### TASK TO COMPLETE
Your job with the data below: print everything from the line that holds "Joyroom Surpass Series" down to the line that holds "Pairs: Leaf Deck", ends included, exactly, and nothing else.
START EXERCISE DATA
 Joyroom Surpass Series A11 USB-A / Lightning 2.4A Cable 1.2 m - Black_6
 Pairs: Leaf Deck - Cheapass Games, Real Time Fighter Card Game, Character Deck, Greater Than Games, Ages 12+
END EXERCISE DATA
START EXERCISE DATA
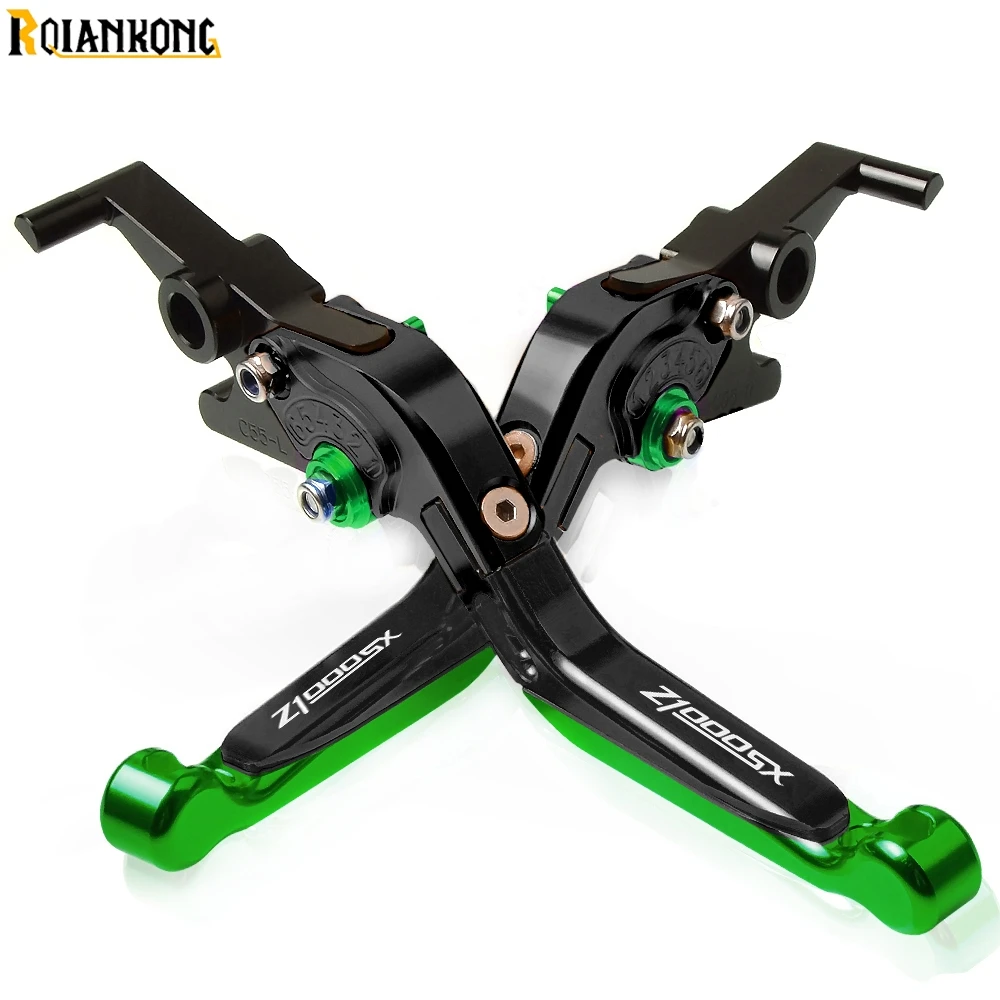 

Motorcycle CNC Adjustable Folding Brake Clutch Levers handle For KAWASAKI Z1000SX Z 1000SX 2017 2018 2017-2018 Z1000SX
END EXERCISE DATA
### PROBLEM SOLUTION
 Joyroom Surpass Series A11 USB-A / Lightning 2.4A Cable 1.2 m - Black_6
 Pairs: Leaf Deck - Cheapass Games, Real Time Fighter Card Game, Character Deck, Greater Than Games, Ages 12+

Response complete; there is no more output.